父からの手紙2
「たく、いちいち“鍵”かけなくていいじゃん。父さんは」
「あははは。グレイスらしいよね。別に読まれて困るものでもないのにさあ」
父からの手紙を読み終えたキイが愚痴るとリデルがそうだよねえと頷く。
トゥーシーから受け取った『金貨十枚』とだけ書かれた父からの手紙には“鍵魔法”がかけられており、解除しないと読めないようになっていたのだ。
大したことは書かれていないだろうと思いながらも、キイは自室に戻ってから魔法を解除して手紙を読み始めた。
やはり当たり障りのない内容で、別に人にみられても構わないようなものだった。それでも魔法をかけてしまうのは父が“鍵師”であるゆえんだ。
現在父はキイの生まれ故郷でこじんまりと生活しているのだが、キイが生まれる前は王都で重要書類などに“鍵”をする仕事をしていたそうだ。どういういきさつで田舎の村で生活するようになったのかはしらない。ただそのときのくせなのだろう。手紙につい“鍵”をつけてしまうのだ。とくに息子への手紙には徹底して“鍵”をする。ゆえにキイが父からの手紙を読むたびに“鍵”を解除するのに苦労させられる。

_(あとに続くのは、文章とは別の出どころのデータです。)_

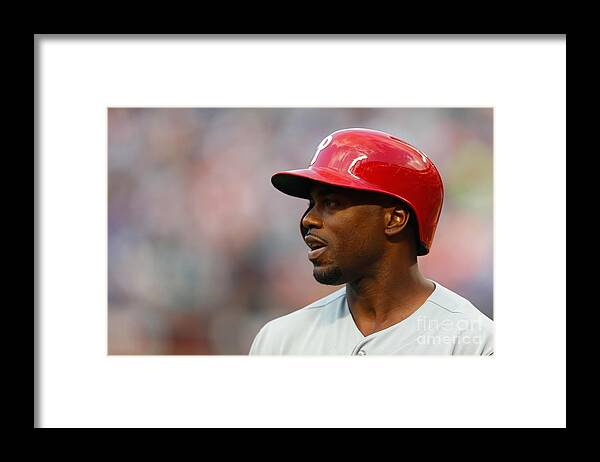 American League Baseball Framed Print featuring the photograph Jimmy Rollins by Mike Stobe
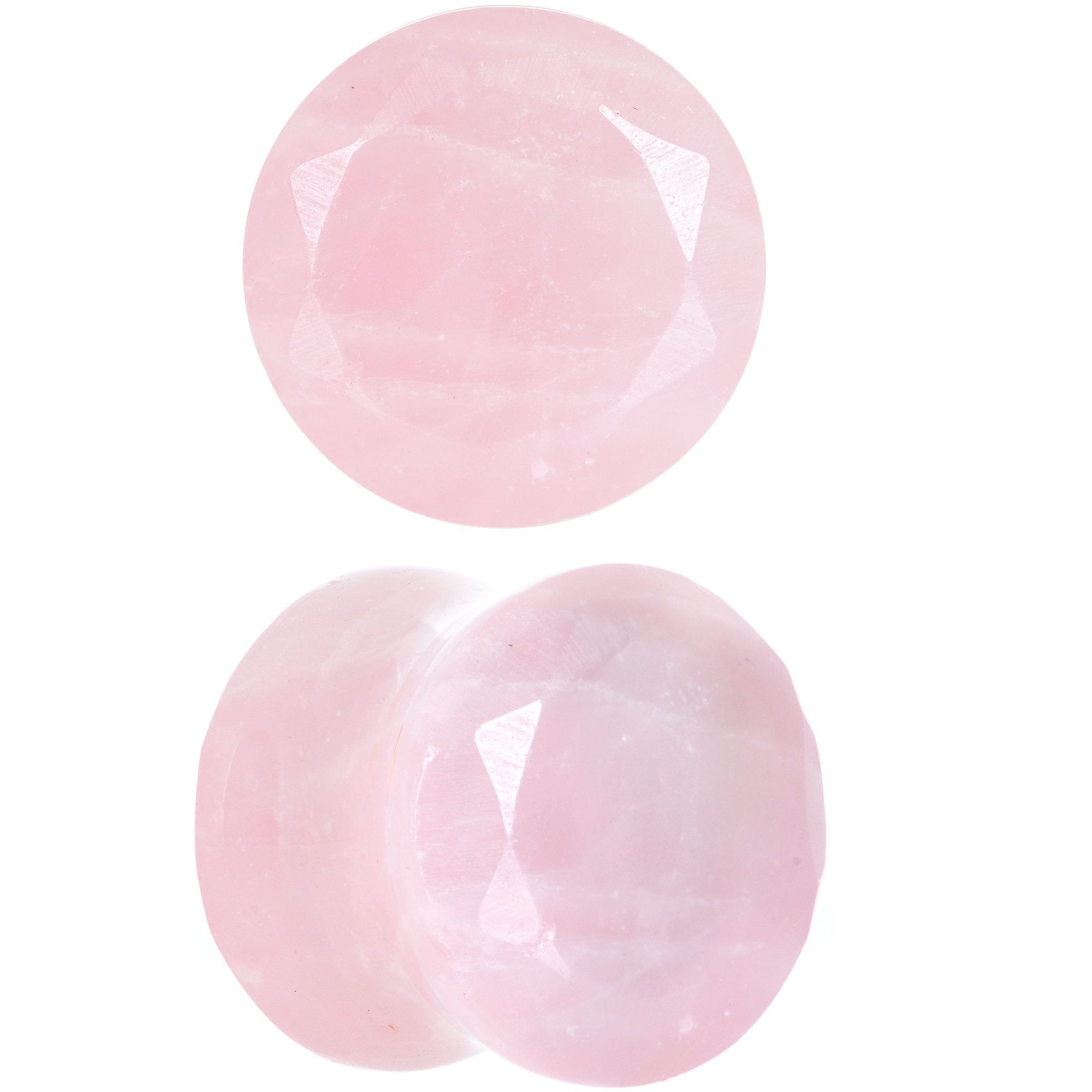 1/2 Rose Quartz Natural Stone Faceted Saddle Plug Set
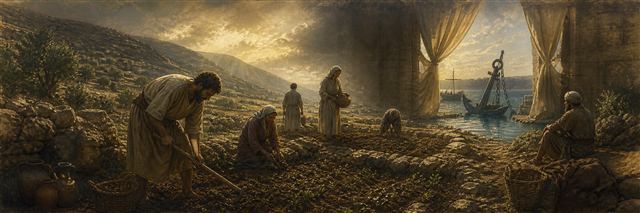Farmers tending newly watered ground as a large ship’s anchor rests securely beyond an open harbor gate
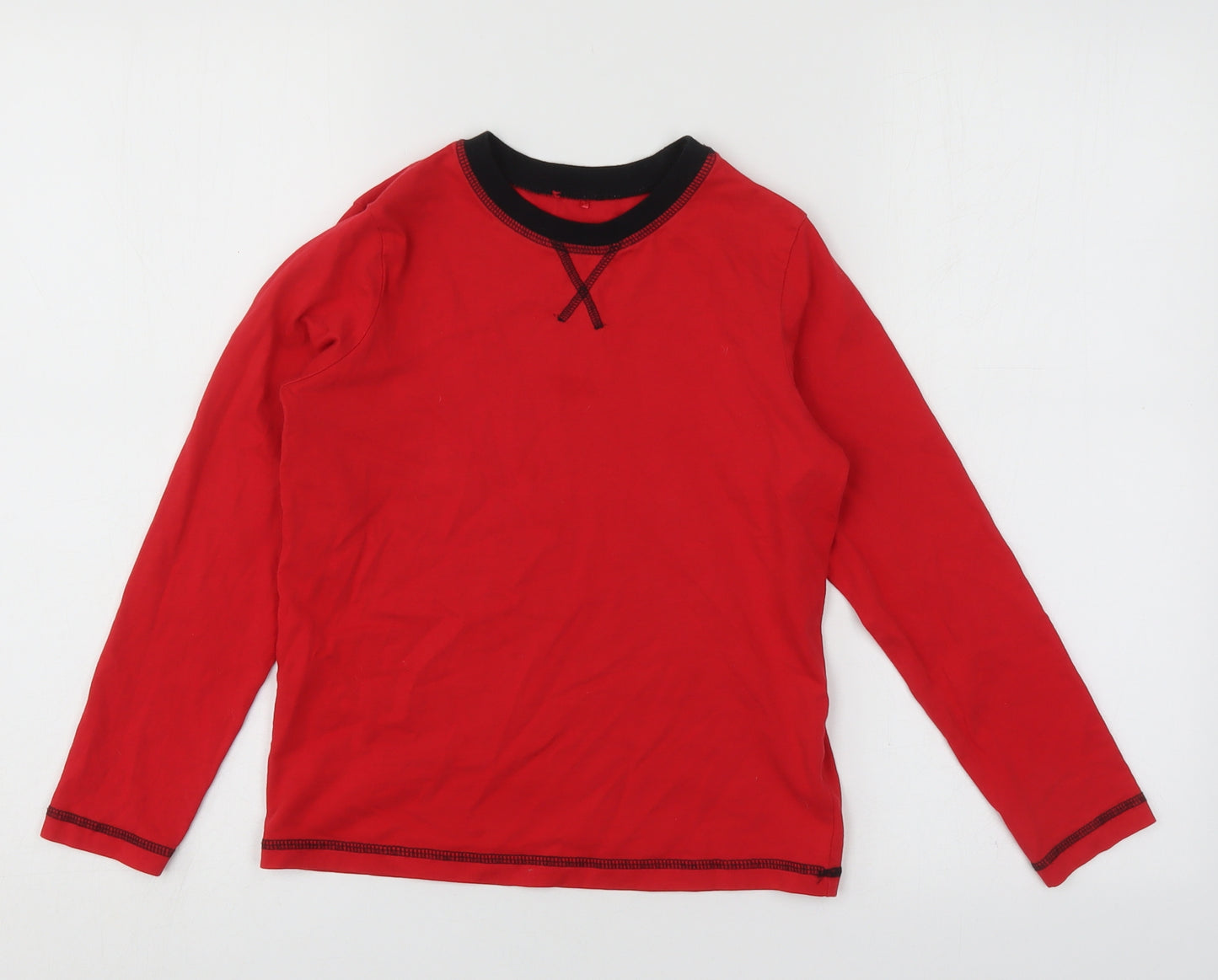 George Boys Red  Cotton Basic T-Shirt Size 9-10 Years Round Neck Pullover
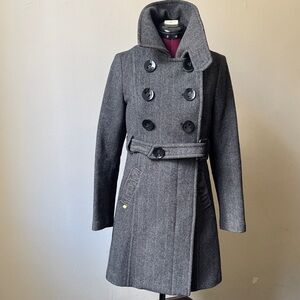 Soia & Kyo Herringbone Black and Gray Tweed Wool Blend Pea Coat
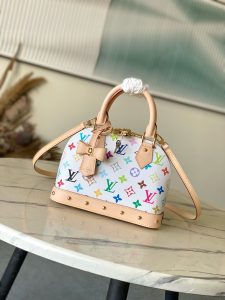 LV x TM Alma BB. Authentic quality luxury bag crafted in genuine leather comes with authenticity card, dust bag and gift bag. A Timeless Icon Reimagined in Murakami’s Playful Palette. Inspired by a 1930s Art Deco design, this special edition of the Alma BB exudes a celebratory charm with its vibrant multicolored Monogram coated canvas from the Louis Vuitton x Murakami collection. Drawing from the Japanese artist’s playful palette, the design is beautifully complemented by the House’s signature natural cowhide leather, which graces the refined Toron top handles, structured base, removable strap, and the exclusive LV x TM keybell—adding a timeless touch of elegance. | PURSE POP UP LIVE LV x TM Alma BB. Authentic quality luxury bag crafted in genuine leather comes with authenticity card, dust bag and gift bag. A Timeless Icon Reimagined in Murakami’s Playful Palette. Inspired by a 1930s Art Deco design, this special edition of the Alma BB exudes a celebratory charm with its vibrant multicolored Monogram coated canvas from the Louis Vuitton x Murakami collection. Drawing from the Japanese artist’s playful palette, the design is beautifully complemented by the House’s signature natural cowhide leather, which graces the refined Toron top handles, structured base, removable strap, and the exclusive LV x TM keybell—adding a timeless touch of elegance.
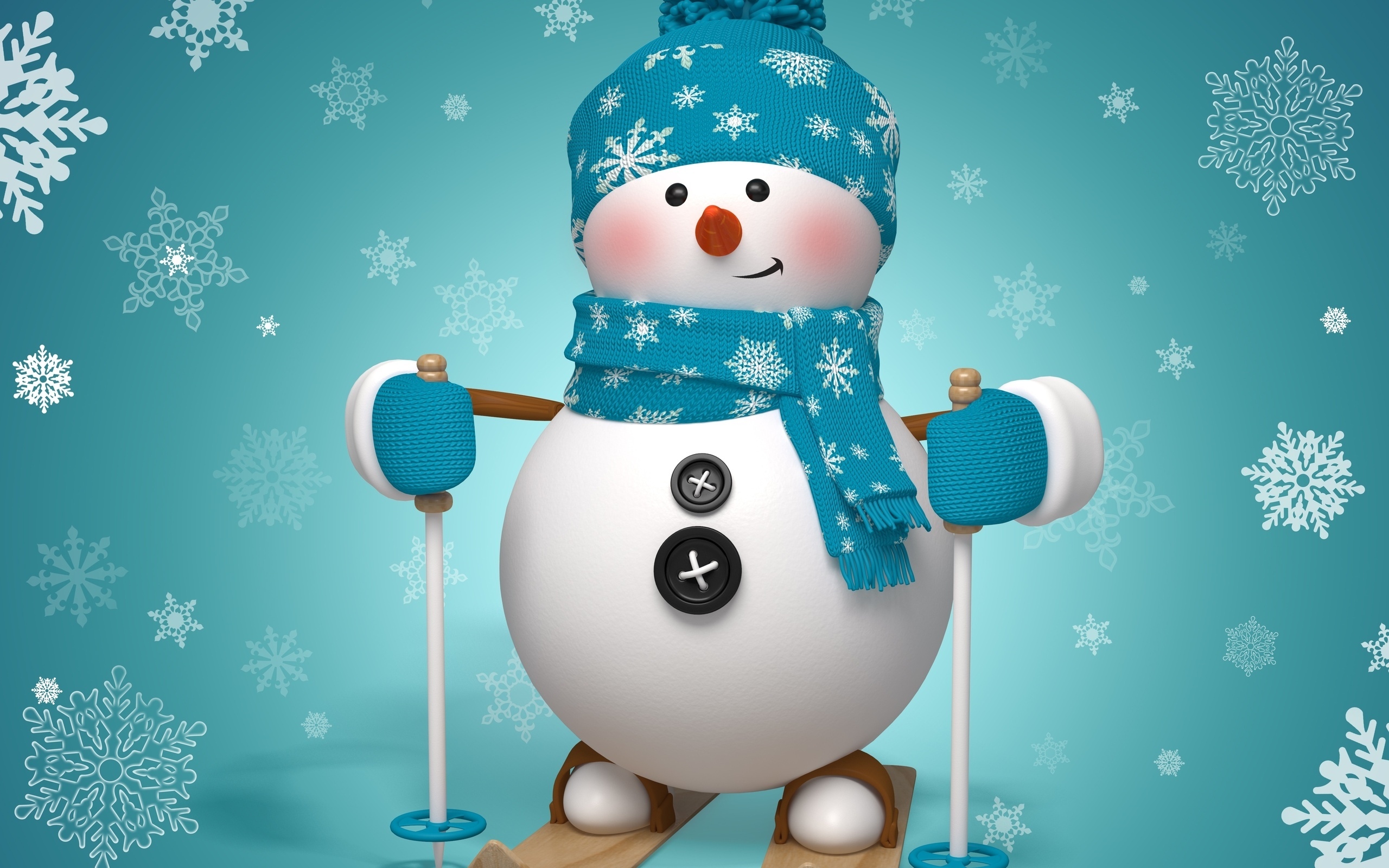 Обои снег, новый год, снеговик, лыжи, шарф, рождетство, пуговица, snow, new year, snowman, ski, scarf, rojdestvo, button разрешение 2560x1600 Загрузить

今回は簡単に解除できたのだが、前回の手紙はものすごく凝った魔法を使ってあるがゆえに解除するまでに何時間もかかっている。
もういい加減にしてほしいものだ。
「そういえば、もうずいぶん帰ってないよね」
「そういえば、いまのパーティー組んでからはまったく連絡もしてなかったなあ」
『史上最弱』という名前をつけられてしまったパーティーが結成されてからどれくらいたったのだろうか。少なくとも数ヵ月はすぎている。それなのに相変わらずレベルアップがなかなかできず、お金に困ることが多かった。ゆえに田舎に里帰りするひまもなかった。
「なあ。キイ。一度帰るのか?」
「うーん。そうだなあ。もうすぐ祭りだし、久しぶりに参加するのもいいかもな」
父からもトゥーシーからも資金をもらったから、そのお礼とパーティーの仲間たちを紹介しておこうかなとキイは思った。